Oh I love the ball scene in Friday's Child, where everybody makes things worse and real emotion bubbles up through the social interplay. It's wonderful on its own and it really sets all the right hares running for Hero's flight to Gil and his friends. Just perfect.
Posted by: Sophie Weston | Thursday, September 28, 2017 at 01:05 AM
My earliest romance-reading memories are of piecing together M&B serials in the English Women's Weekly (talking 1970s here). Lots of heroines going up to Scotland to work as nannies, and up some point in the story ending up at a cèilidh. The romances were very sweet - and the dance scenes (to a tween) seemed like total sensual indulgence. My father was an (Irish) fiddle player, so I wonder, in retrospect, whether it was the relatability (is that a word???) of the music that made these scenes seem so alive to me.
Posted by: Shannon McEwan | Thursday, September 28, 2017 at 05:39 AM
I don't believe that I think about the dance scenes. I enjoy all of them but they aren't very special to me.
Perhaps it's because I was a terrible dancer in my youth. My teen-age years were the Big Band years. I loved swing, but I could never learn to jitterbug. While my memories of dances in those years aren't bad, they also are not romantic. (And since those were the war years, the dances were infrequent!)
Posted by: Sue McCormick | Thursday, September 28, 2017 at 07:09 AM
Susanna, I was never much of a dancer, but I like the -idea- of dancing, and I've written my share of dancing scenes for exactly the reasons you say: it's a chance for two characters to interact physically and emotional in a public, more or less respectable way. The Mary Stewart scene--SWOOOOO! That woman could write!
A non happy dancing scene is from Heyer's SYLVESTER, where the furious duke takes Phoebe onto the floor in a benighted attempt to make this seem normal, but what he says upsets her so much that she goes tearing off the floor, humiliating both of them. A good example of what happens when a rigidly controlled man is going crazy with love.
Posted by: Mary Jo Putney | Thursday, September 28, 2017 at 07:51 AM
At one time, I loved to dance. Now, in the ballroom scenes of a romance, I can close my eyes and see the dancers and the dresses. I can even feel that wonderful sense that something exciting and lovely is about to happen.
I think all that is based on the fact that I am a nut for music. Nearly all music makes me happy. So, logically, it seems to me that if I were in a ballroom with music all around, I would be in heaven.

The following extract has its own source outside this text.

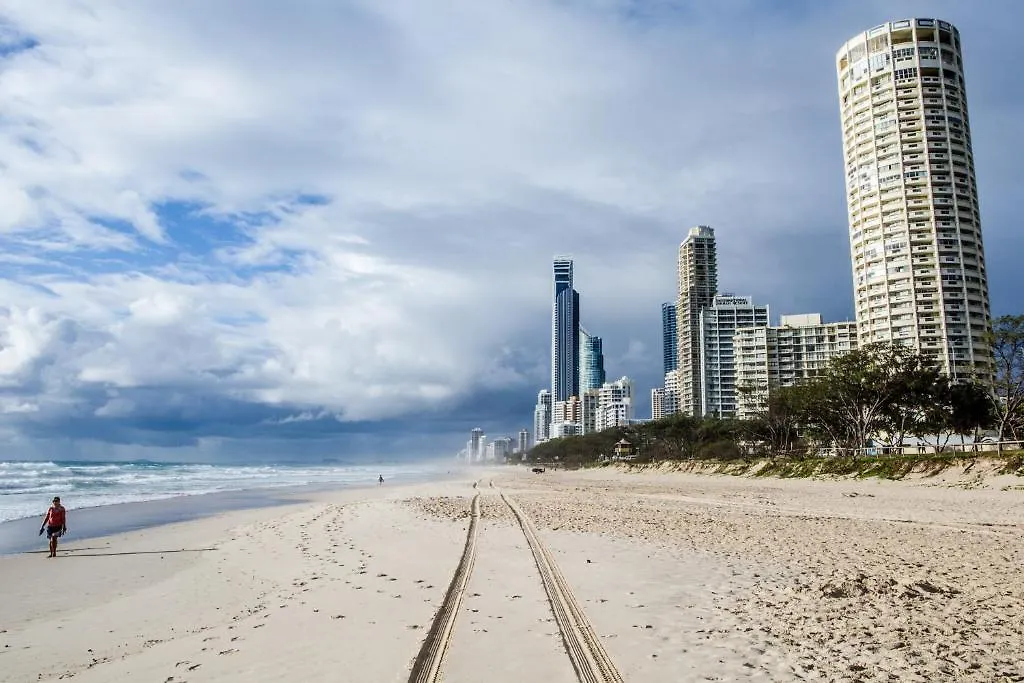 *** Aparthotel The Shore Apartments - Beachfront Gold Coast Australia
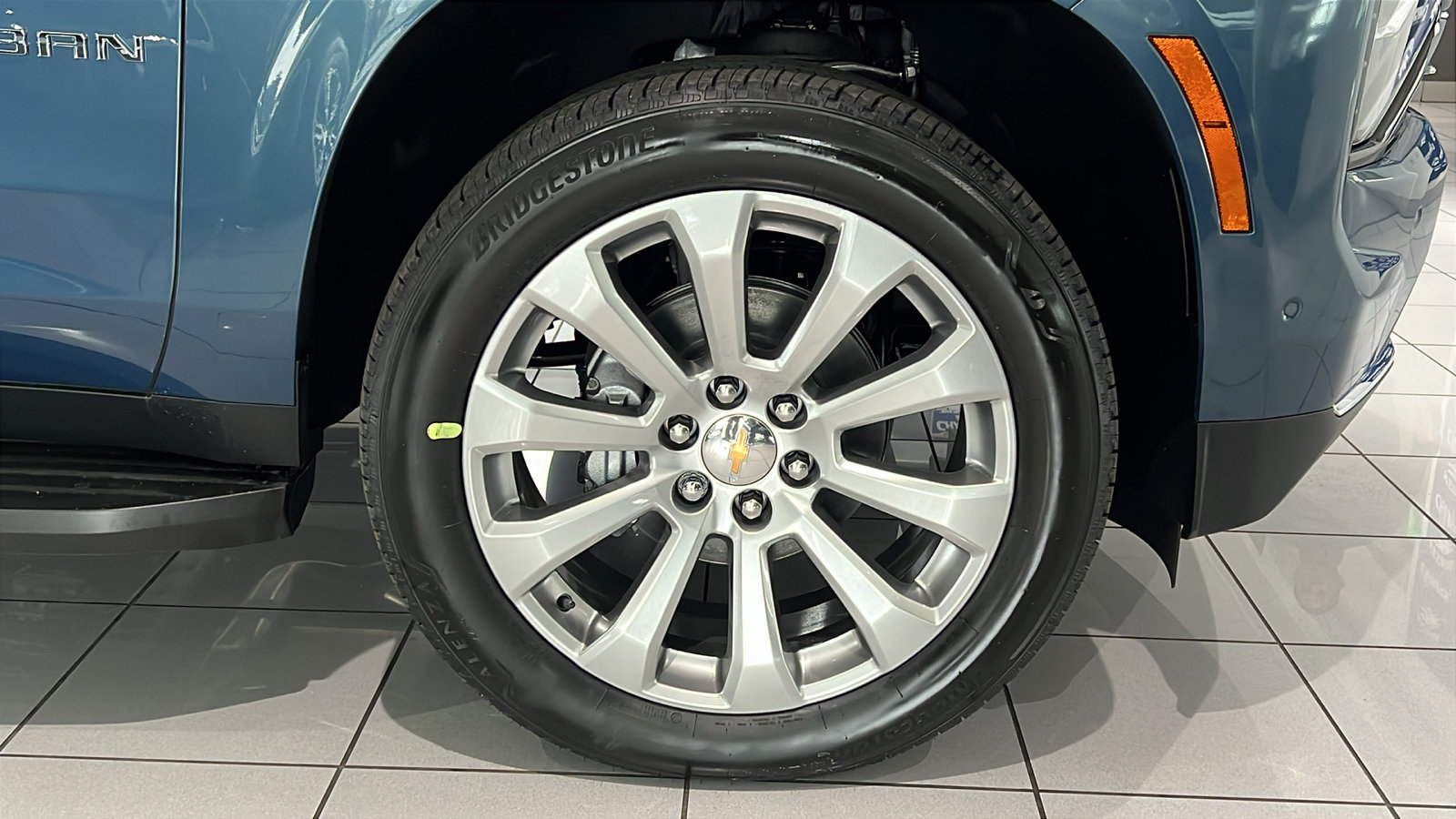 New 2026 Chevrolet Suburban Premier w/ Sun And Tow Package AWD/4WD image 4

Posted by: Annette Naish | Thursday, September 28, 2017 at 09:16 AM
Thanks, Susanna, that was lovely. I haven't read Bride of the MacHugh, but it was wonderful to pop back into Nine Coaches waiting, if only for a moment. A scene comes to mind that I think comes from Mary Balogh's Slightly Sinful, where the hero and heroine dance together for the first time. He knows who she is and is trying to create mischief, but she has no idea who he is. Needless to say, the magic of the dance takes them both by surprise, and this easily-swept-away reader loved it.
Posted by: Margaret | Thursday, September 28, 2017 at 11:46 AM
I’m ashamed to say I can’t recall one, but I enjoyed these two excerpts and I’d forgotten just how much I love Mary Stewart’s writing. I have a battered and much loved copy of Nine Coavhes Waiting on my bookshelf and am now itching to reread it.
Posted by: Shelagh Merln | Thursday, September 28, 2017 at 01:43 PM
I loved that dancing scene from "Bride of the MacHugh". Now I REALLY have to get hold of that book somehow! I just read a good dancing scene in "Lord Endicott's Appetite" by Elisabeth Fairchild, and I don't have it on hand to quote exactly, but the heroine is working as a cook in the hero's house. During a ball which she is not invited to, she is outside in the garden dancing with a garden rake, pretending she has a partner. The hero comes out and asks if he can cut in, and the two of them dance in the dark. It's a lovely bit.